═════ DATA SUPPLIED

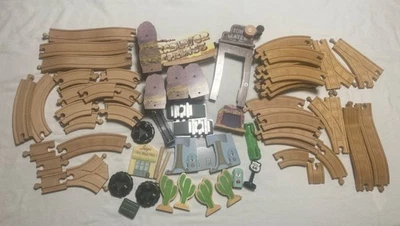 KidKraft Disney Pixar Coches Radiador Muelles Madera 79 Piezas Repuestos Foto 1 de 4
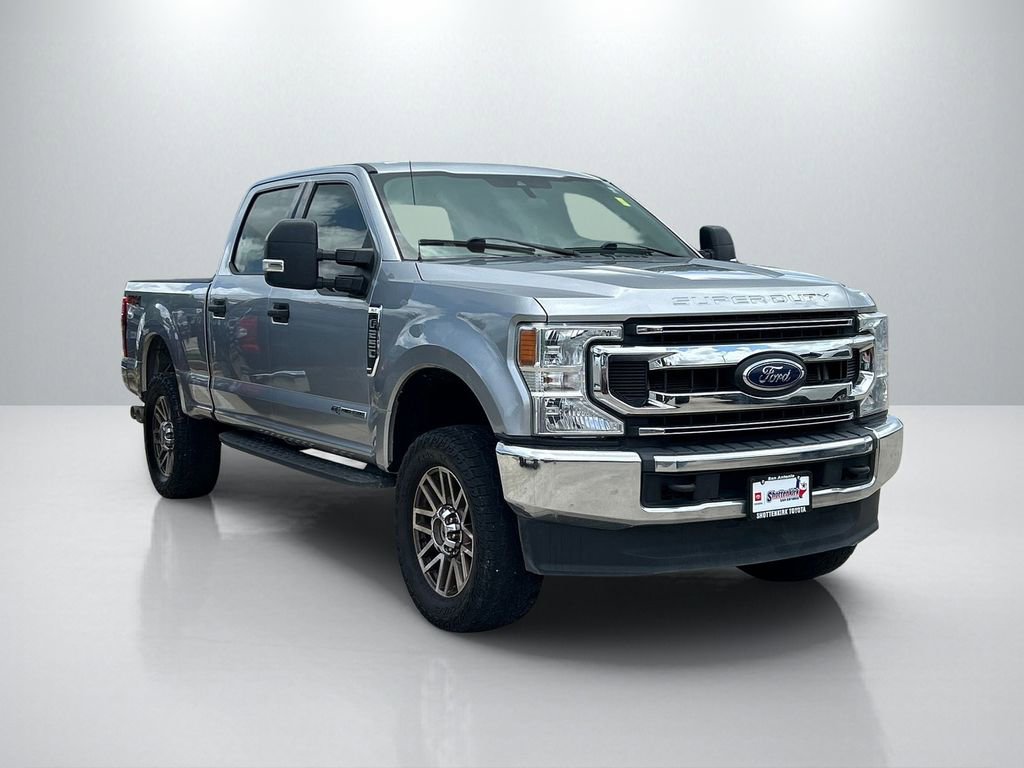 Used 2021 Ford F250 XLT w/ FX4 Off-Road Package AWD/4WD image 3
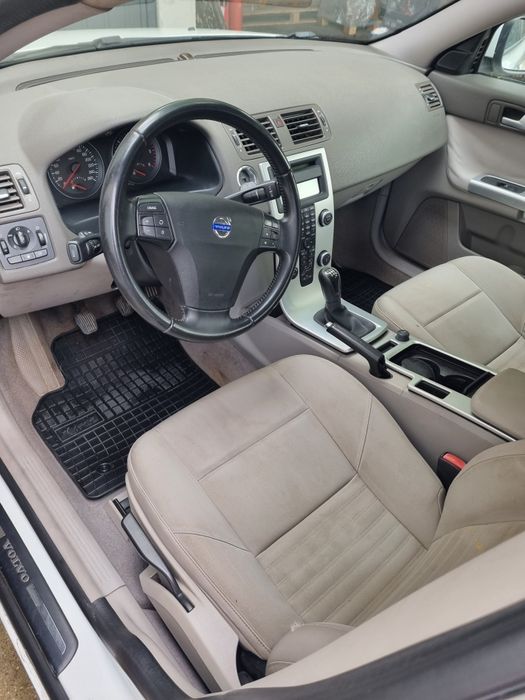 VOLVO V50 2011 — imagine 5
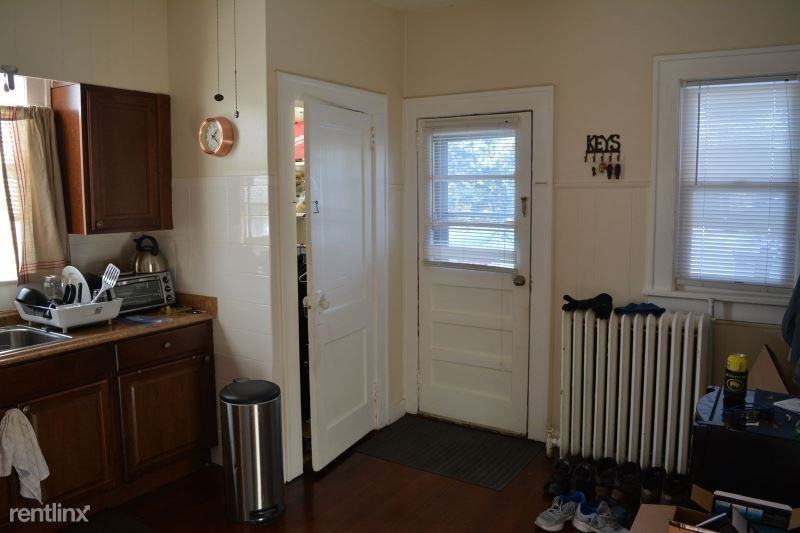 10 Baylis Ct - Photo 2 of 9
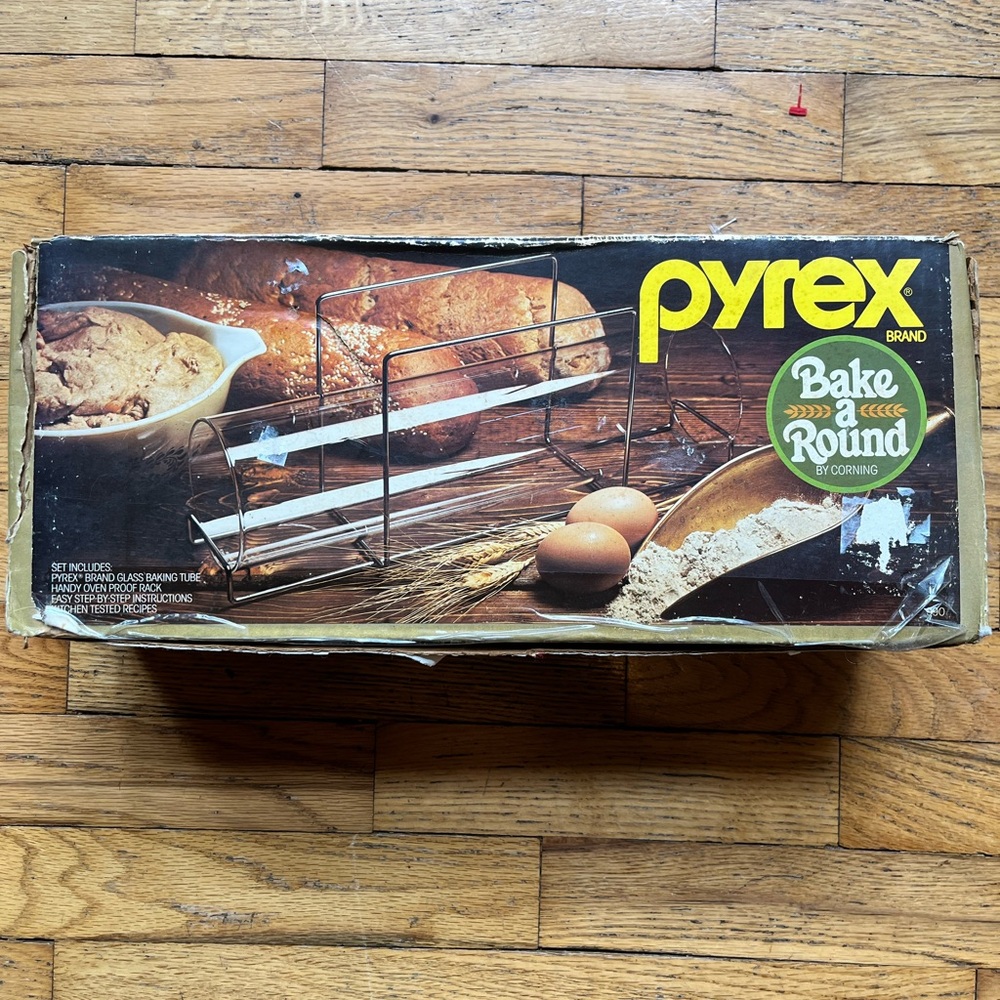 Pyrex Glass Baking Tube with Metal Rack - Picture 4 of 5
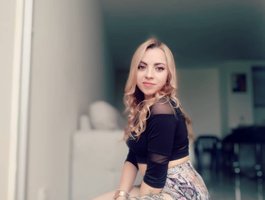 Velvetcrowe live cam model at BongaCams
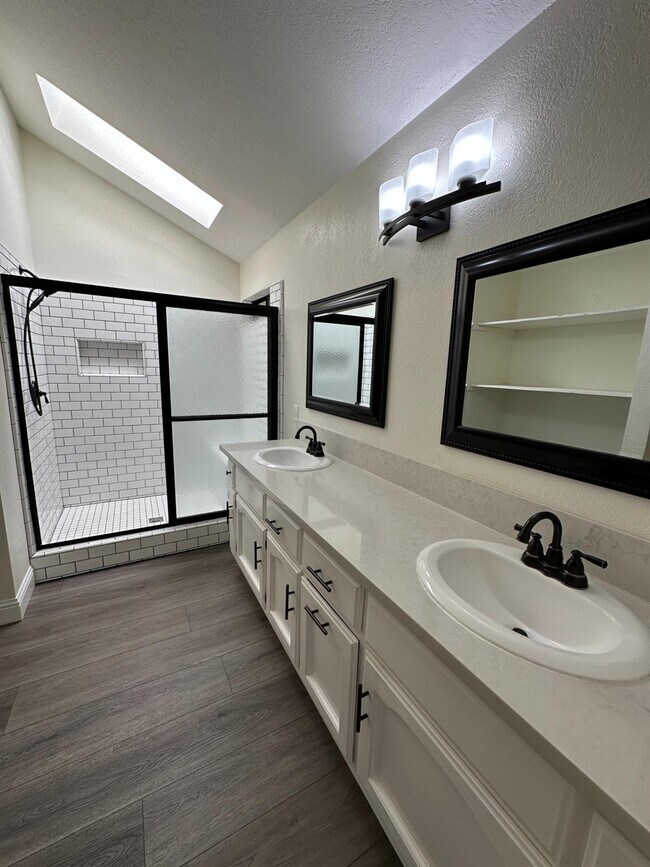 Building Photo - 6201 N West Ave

══════════

YOUR INSTRUCTIONS: Pictures are to be left out. Everything else in the records above gets repeated exactly.

THE ANSWER:
 KidKraft Disney Pixar Coches Radiador Muelles Madera 79 Piezas Repuestos Foto 1 de 4
 Used 2021 Ford F250 XLT w/ FX4 Off-Road Package AWD/4WD image 3
 VOLVO V50 2011 — imagine 5
 10 Baylis Ct - Photo 2 of 9
 Pyrex Glass Baking Tube with Metal Rack - Picture 4 of 5
 Velvetcrowe live cam model at BongaCams
 Building Photo - 6201 N West Ave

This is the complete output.